What the exercise asks: Transcribe the listing exactly, so that nothing but the pictures is missing.

Data:
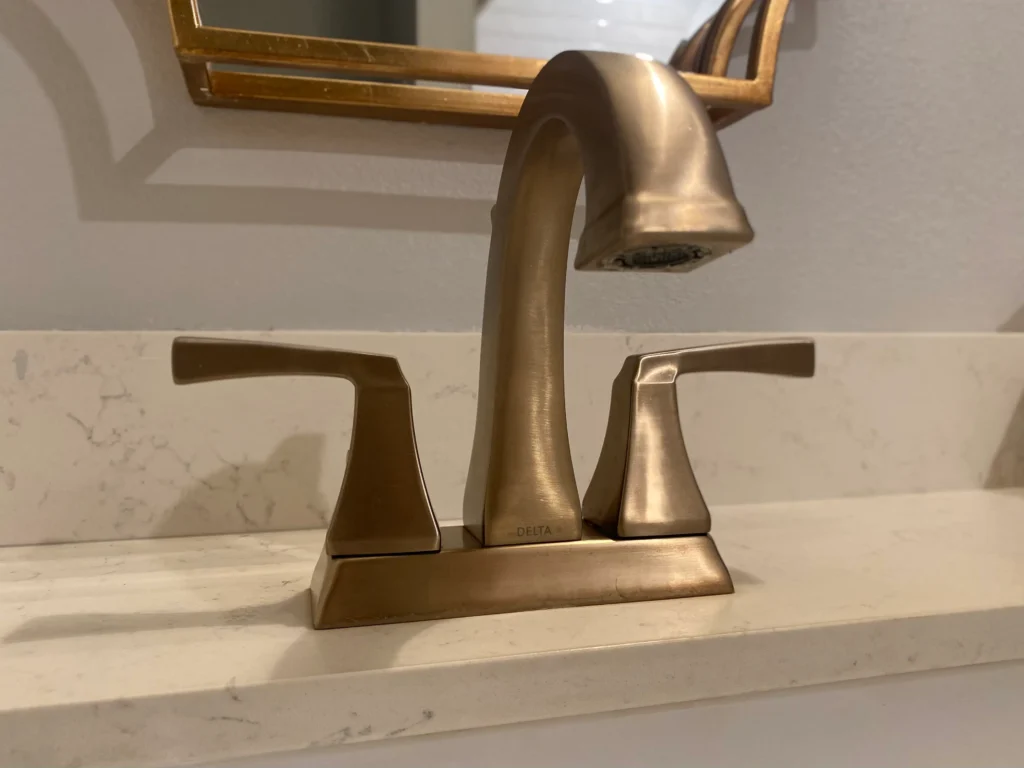 4 inch centerset gold Delta faucet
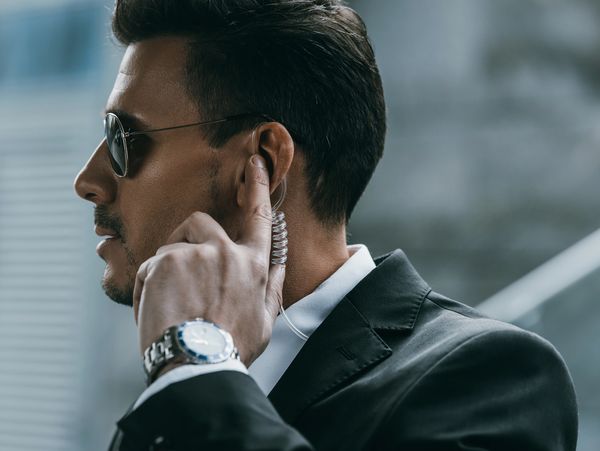 Man in suit adjusting earpiece with sunglasses on.
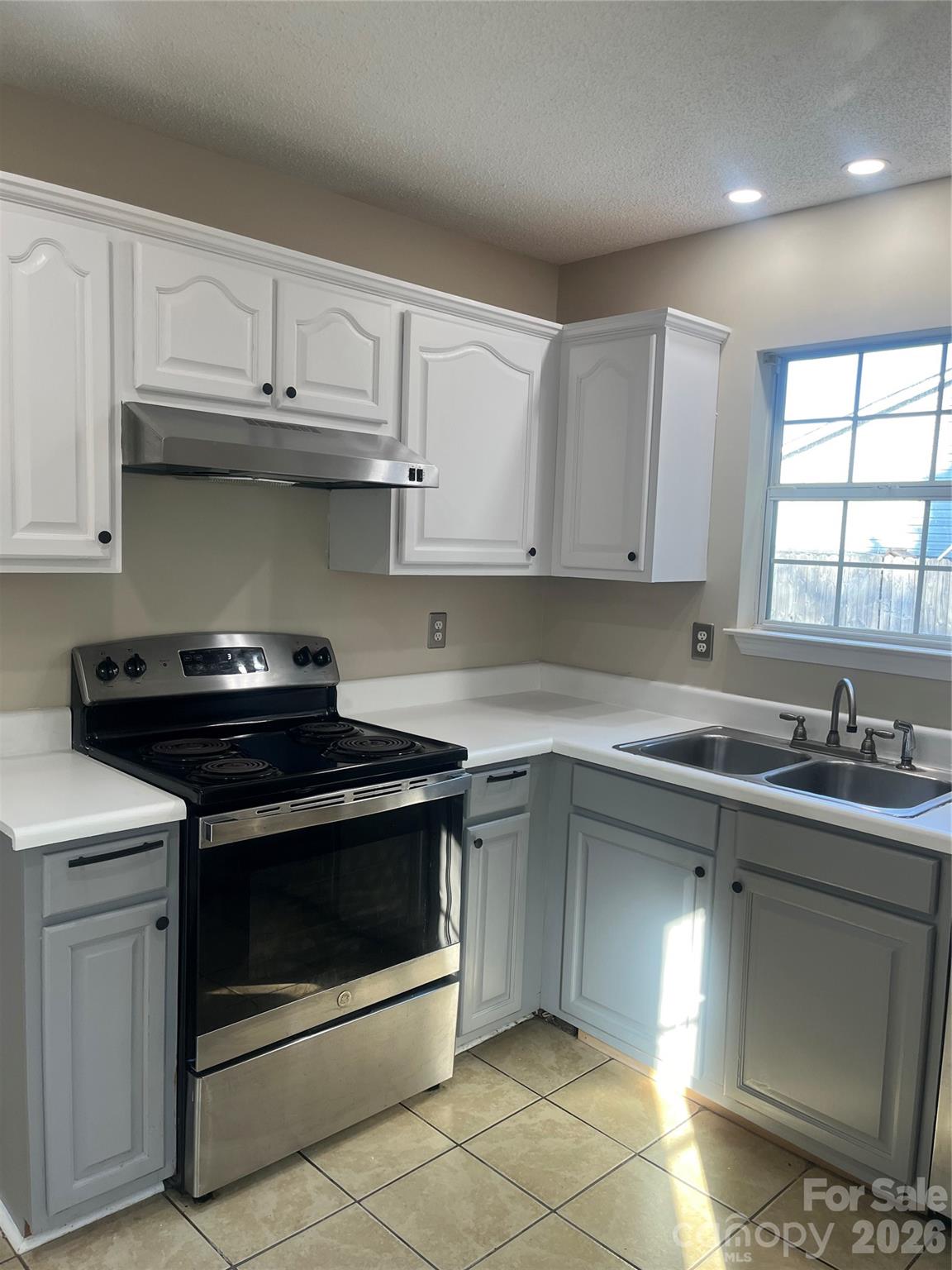314 Tylers Way Fort Mill, SC 29715 - Photo 10 of 16 a kitchen with a stove and white cabinets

Solution to this problem:
 4 inch centerset gold Delta faucet
 Man in suit adjusting earpiece with sunglasses on.
314 Tylers Way Fort Mill, SC 29715 - Photo 10 of 16 a kitchen with a stove and white cabinets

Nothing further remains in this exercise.